═══ Data to use
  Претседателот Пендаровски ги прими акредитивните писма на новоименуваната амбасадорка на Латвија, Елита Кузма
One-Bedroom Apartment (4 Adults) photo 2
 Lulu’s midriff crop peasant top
══════
═══ Data to use
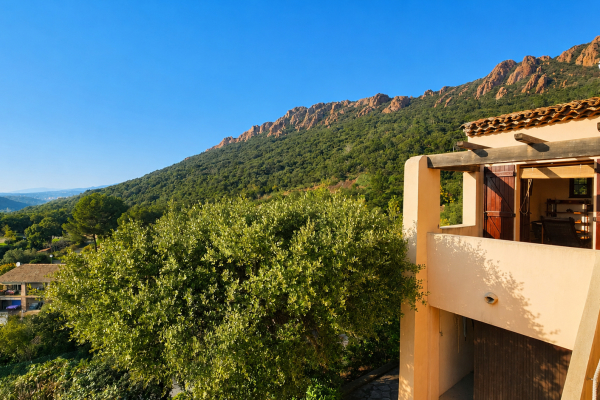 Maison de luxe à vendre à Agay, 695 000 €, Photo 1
══════
Task to carry out>
All that belongs in your answer is the stretch of entries above from the line with "Претседателот Пендаровски ги" through the line with "Lulu’s midriff crop peasant top", printed exactly.

Answer>
  Претседателот Пендаровски ги прими акредитивните писма на новоименуваната амбасадорка на Латвија, Елита Кузма
One-Bedroom Apartment (4 Adults) photo 2
 Lulu’s midriff crop peasant top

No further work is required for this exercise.